(Data entries)
*** Begin section ***

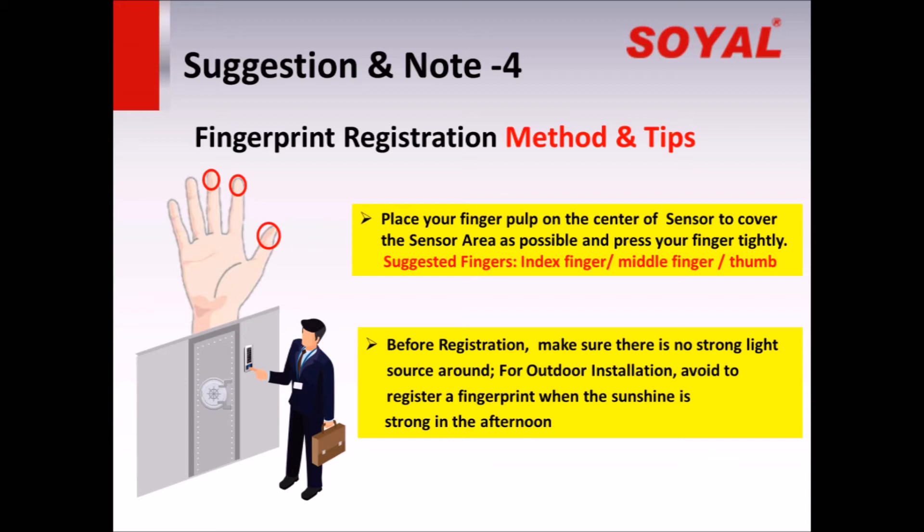Second, before registration, make sure there is no strong light surrounding the area, as the optical sensor is affected by light. We suggest preventing the fingerprint reader from being installed at a place where it is directly lit by a strong lamp or light source. For outdoor installation, please try to avoid registering a fingerprint when the sunshine is strong in the afternoon.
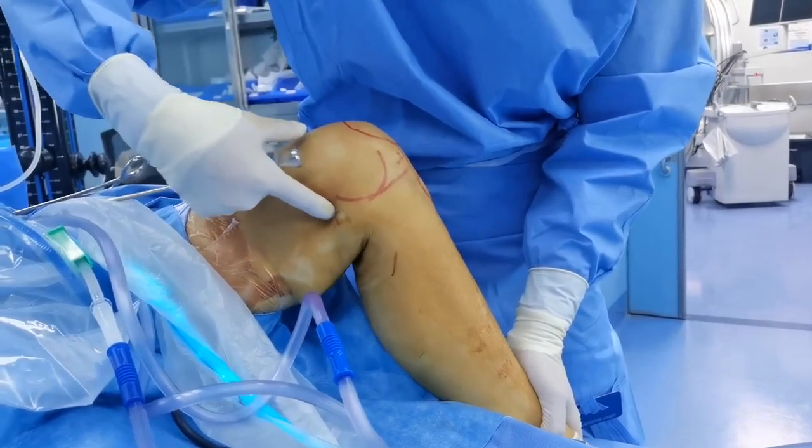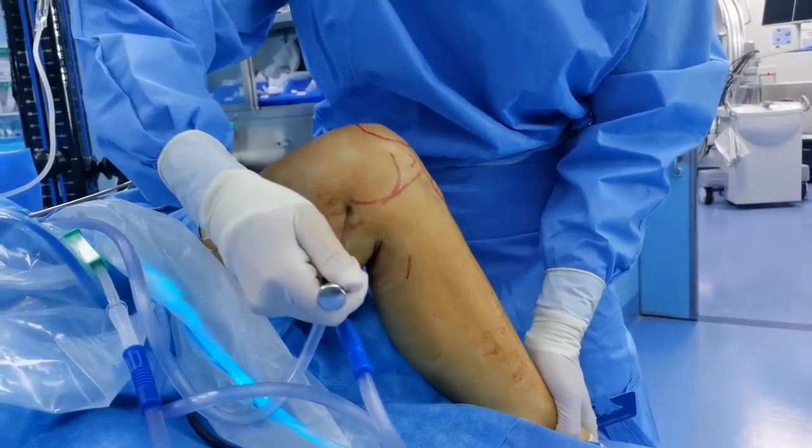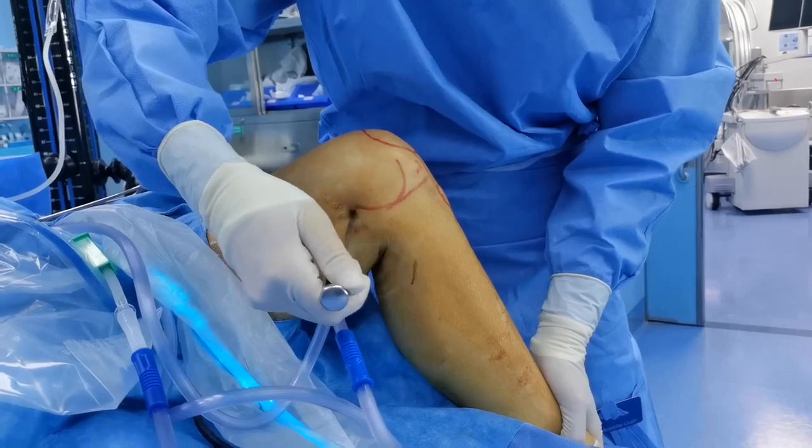When the foot stands on the stool, the soft tissues on the posterior aspect of the knee joint resemble a relaxed and natural situation.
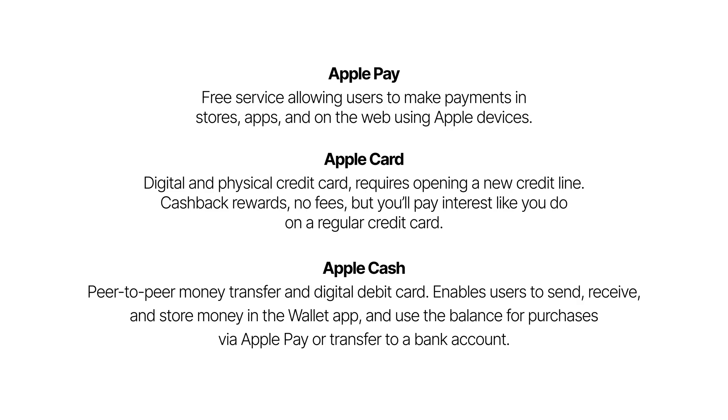There are a few different financial tools and services Apple offers, so make sure to learn the difference so you don't get these mixed up. Apple Pay is free, and it's used to make payments using your Apple device.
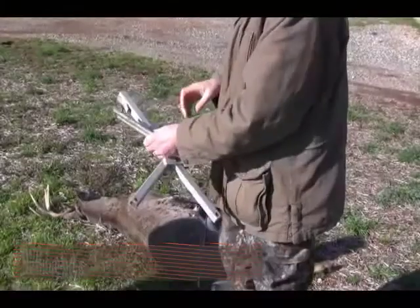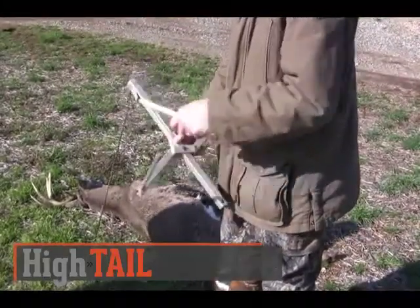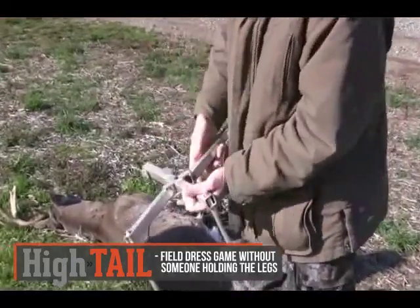This is Hytale, a simple, easy-to-use device that makes field dressing faster and easier and allows it to be done by just one person.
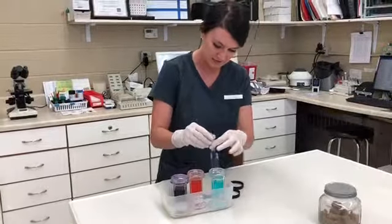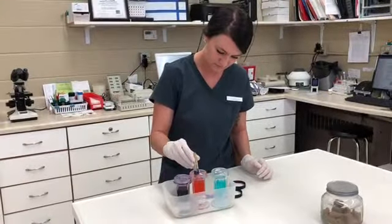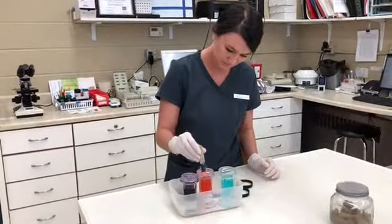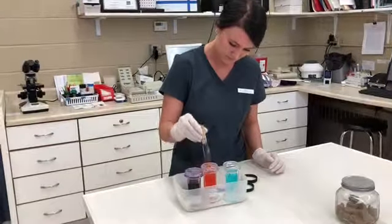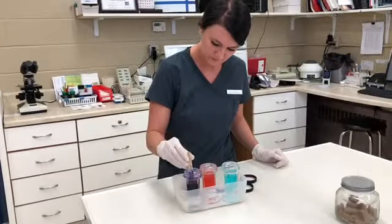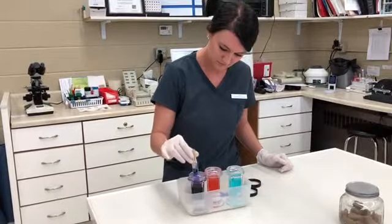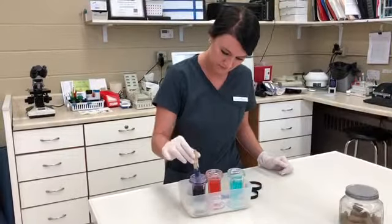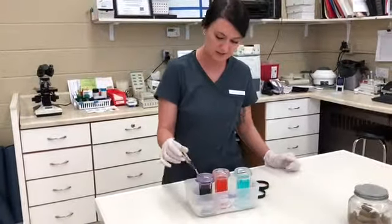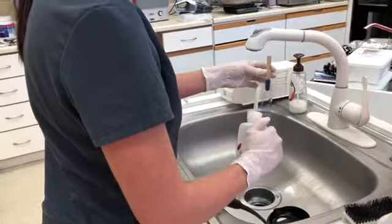And ten — let's go ahead and move on. Okay, that's ten for the second stain, and then the last stain here. And ten. I'm actually going to head on over to the sink to grab my distilled water and get that excess stain off.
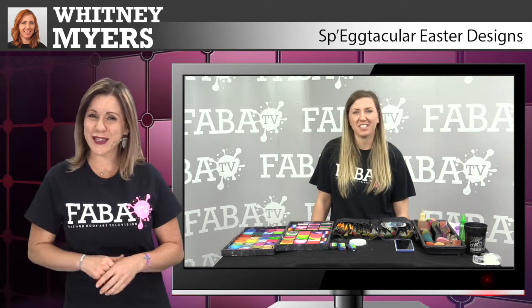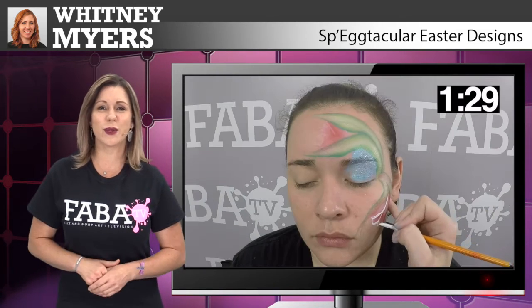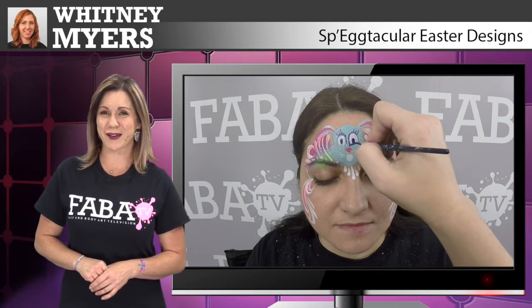Join us for this spectacular Easter design class with the one and only Whitney Myers. In this class you will learn how to do fast and easy designs great for festivals during Easter holiday events. Whitney will demonstrate how to make a cute bunny rabbit, flowers with tulips and little Easter egg designs. So get your pastel colors and one strokes for another great class with Whitney Myers.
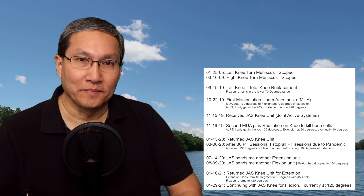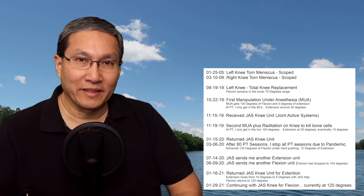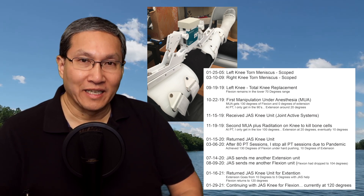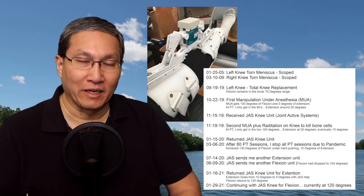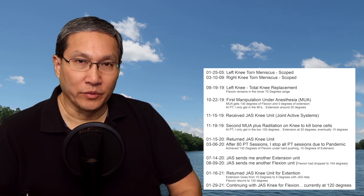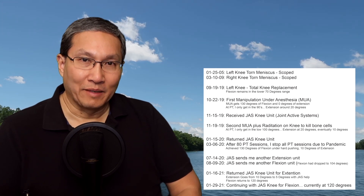I went through two MUAs, and I got my jazz unit back to help with extension — that was the main reason they gave it back to me. My flexion was also reverting backwards but I got that back to normal. On the extension, when the doctor did the MUAs we hit zero degrees both times, but coming out of the operating room I didn't get zero. The second MUA, my extension coming out was 20 degrees — pretty bad.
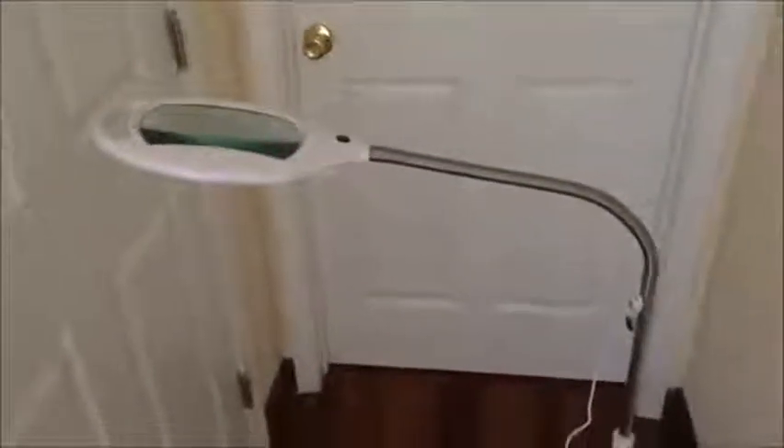Hey guys, have a review today of the BrightTech LED floor lamp. I really like this lamp. Let me tell you a few things about it.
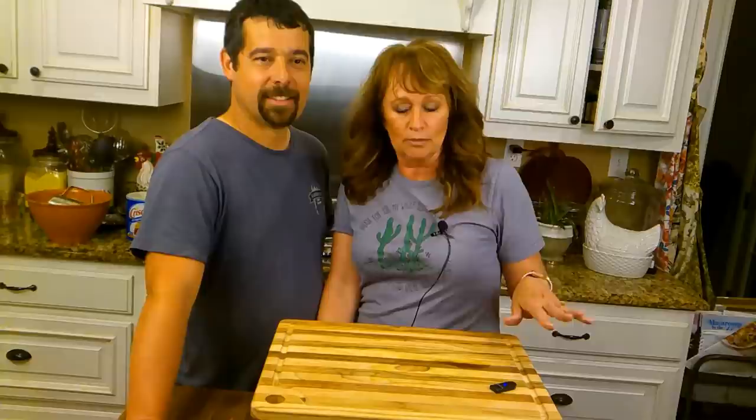We had some cattle get out while we were at church this morning — your mama called, fussing, she was like, 'Where are y'all?' So anyway, we got all that done, and we came in and we thought we'd cook Sunday supper as breakfast, right? Breakfast for supper — that's a great one.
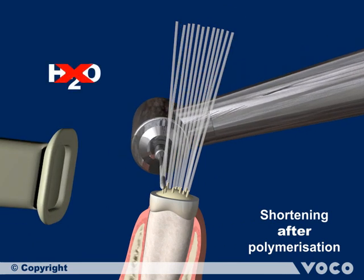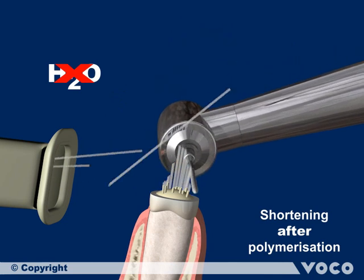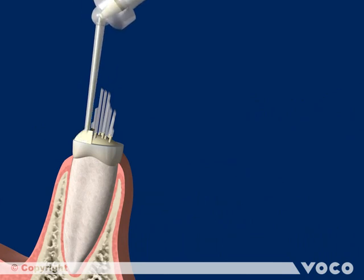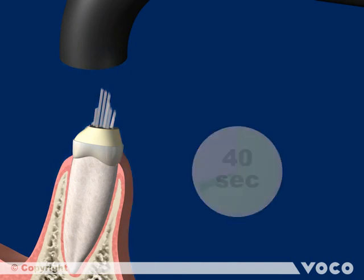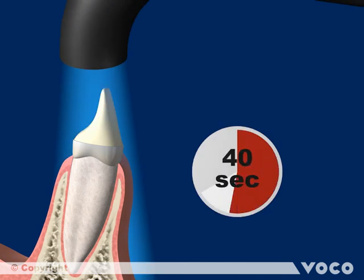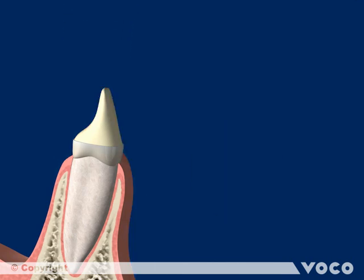Cut the single posts with a suitable diamond burr at high speed without water cooling but with suction. The core build-up can now be completed. Apply and light cure Rebuilder DC either in layers or build it up completely. Set the material with 40 seconds of light curing, then wait for the chemical curing to take place for another 5 minutes.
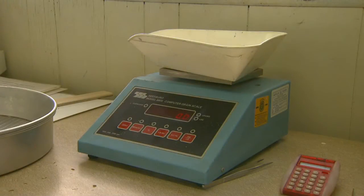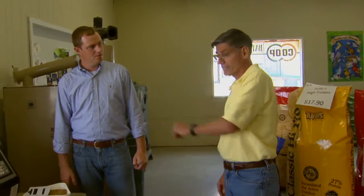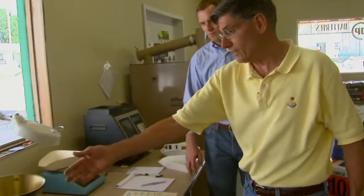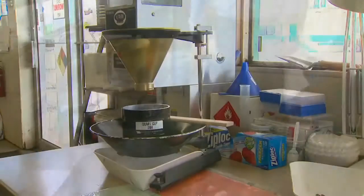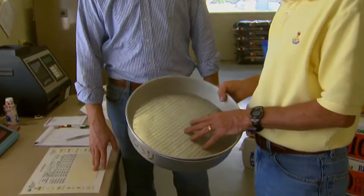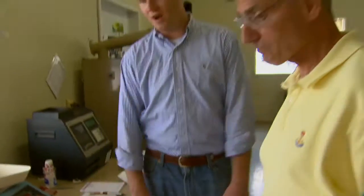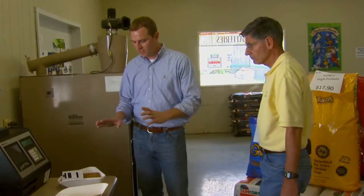They'll either do the test weight with the moisture meter, and you always do the test weight with the moisture out. If they don't do the test weight there, they'll use a fill hopper and cup with a striker and do the test weight there. Sometimes they will need hand pans with slotted sieves, but most generally these machines take care of most of that. These are the basic tools you're going to see when you walk into your elevator and bring a sample.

*** End section ***

*EXERCISE BRIEF*.
Only the lines from the top of the data through the line with "When the foot" should be quoted, exactly and with both ends kept; skip the pictures.

*REPLY*.
Second, before registration, make sure there is no strong light surrounding the area, as the optical sensor is affected by light. We suggest preventing the fingerprint reader from being installed at a place where it is directly lit by a strong lamp or light source. For outdoor installation, please try to avoid registering a fingerprint when the sunshine is strong in the afternoon.
When the foot stands on the stool, the soft tissues on the posterior aspect of the knee joint resemble a relaxed and natural situation.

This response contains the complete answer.